Escritores indígenas encontraram na expressão literária escrita uma forma de


reviver, resgatar e perpetuar o que foi ignorado e alvo de apagamento desde o início
da colonização. Nas suas produções encontramos uma composição multimodal, ou
seja, a leitura da palavra interage com a leitura das ilustrações, com a percepção de
desenhos geométricos, de elementos rítmicos e performáticos. O corpo está
intrinsecamente ligado ao ato de contar uma história e também de ouvir uma
história, os sentidos como visão e audição são vividamente explorados.

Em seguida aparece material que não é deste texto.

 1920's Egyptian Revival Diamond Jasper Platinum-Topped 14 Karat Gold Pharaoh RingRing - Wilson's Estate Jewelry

Dentro
desse universo, a relação entre o autor (contador de histórias) e o leitor (ouvinte) é
essencial para que se estabeleça uma conexão forte com aquele enredo e as
pessoas ali envolvidas. Conexão essa que não se estabelece na maioria das
narrativas provenientes da cultura ocidental.

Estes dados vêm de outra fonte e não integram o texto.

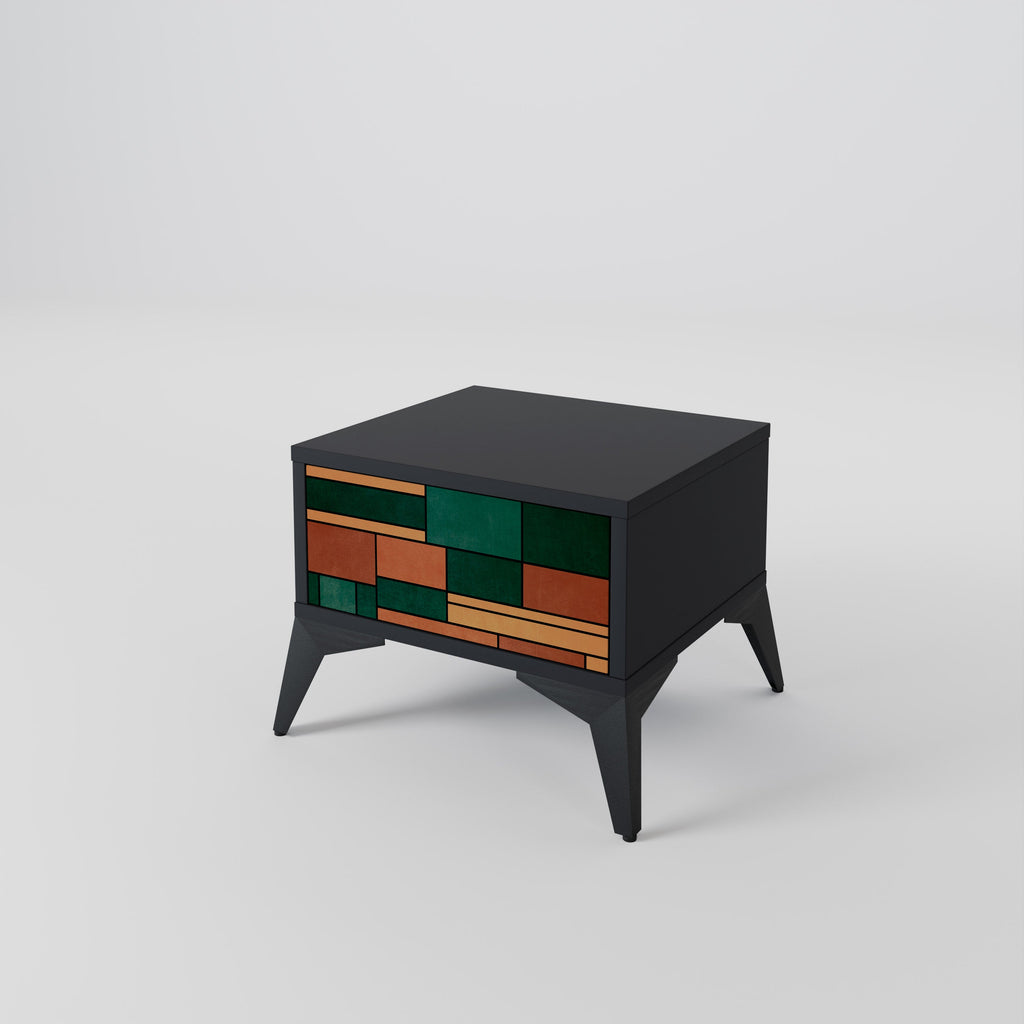 Table de chevet EARTHY FIGURES en finition noire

A cultura indígena possui muitas riquezas e hoje essas alteridades estão


recebendo um olhar diferente daquele primeiro olhar colonizador, elas estão sendo
valoradas, elencadas como um diferencial e referência da nossa nacionalidade.
Percebe-se uma grande importância na promoção da literatura indígena para o
conhecimento da pluralidade cultural do país, promovendo a liberdade e igualdade
de expressão que há muito havia sido negada. Dessa forma, torna-se possível
combater um discurso antes predominante a respeito do desaparecimento dos
povos indígenas que havia sido repassado nas escolas por décadas para as
crianças. Enaltecendo sempre a cultura portuguesa e a colonização como algo
necessário.

Como disse Ailton Krenak, o homem branco se viu como um iluminado,


dotado da sabedoria necessária para viver nesse mundo da forma correta, enquanto
tudo que estivesse fora dessa luz, uma escuridão, fosse algo perdido a espera de
sua salvação. A desconstrução dessa narrativa com a chegada de indígenas em
lugares antes não ocupados por eles, permitiu que a história fosse finalmente
contato sob a perspectiva daqueles que viviam nessa terra estrangeira quando as
caravelas de Cabral atracaram nesse solo.

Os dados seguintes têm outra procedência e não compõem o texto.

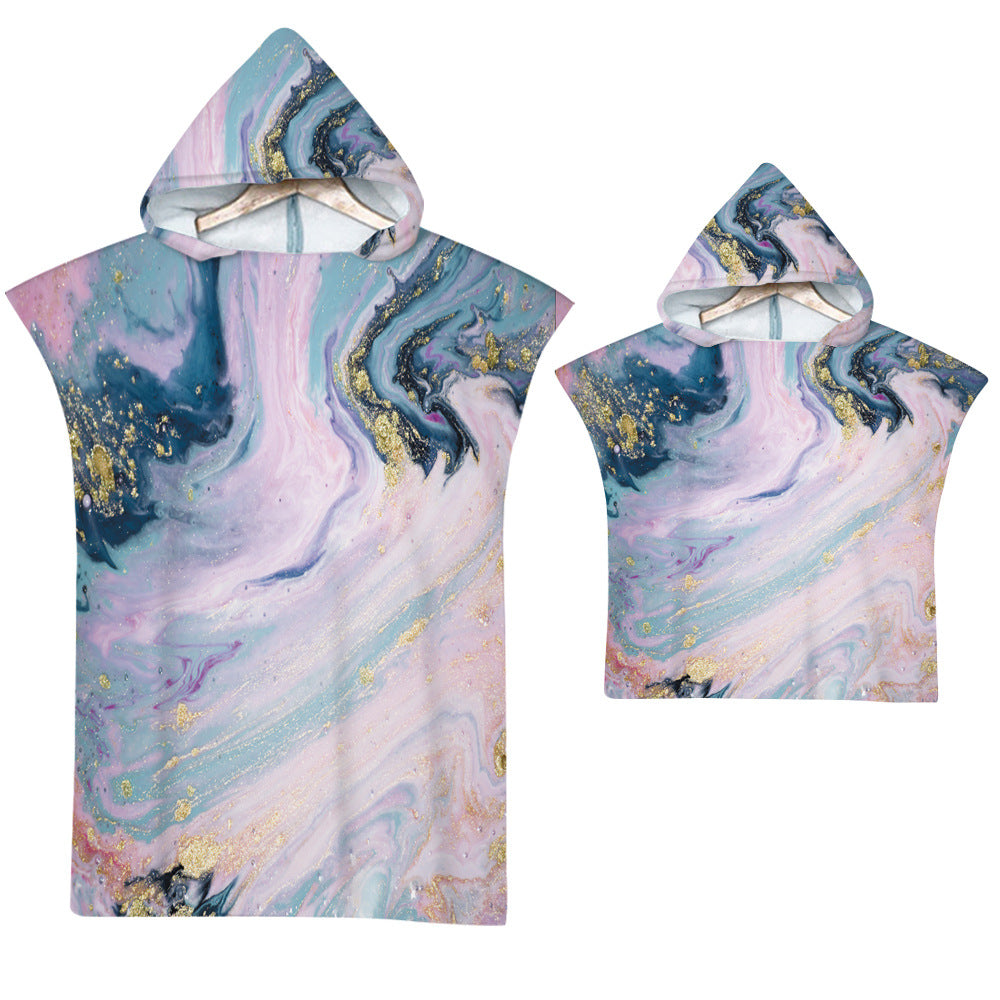 Adult Microfiber Fabric Marble Bath Towels  Bathrobe Cloaks Pajamas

É importante ressaltar também outra característica interessantíssima da


literatura indígena que é a atemporalidade e mutabilidade. A concepção de
passado, presente e futuro, marcante na visão ocidental, é diferente na cosmovisão
indígena, já que essas histórias estão vivas no imaginário do povo e estão em
constante transformação. No momento em que são contadas elas estão presentes,
torna-se, portanto, uma literatura elástica, sujeita a mudanças de acordo com o
contator que as conta, com o contexto históricos e com todo o cenário que pode
influenciar na contação daquela história. O processo narrativo da tradição oral está
relacionado à repetição e como resultado dessas repetições temos a reinvenção. A
literatura vira uma cadeia de vozes e histórias mutáveis, nada está preso a um livro,
ela depende das pessoas que contam e as vivenciam.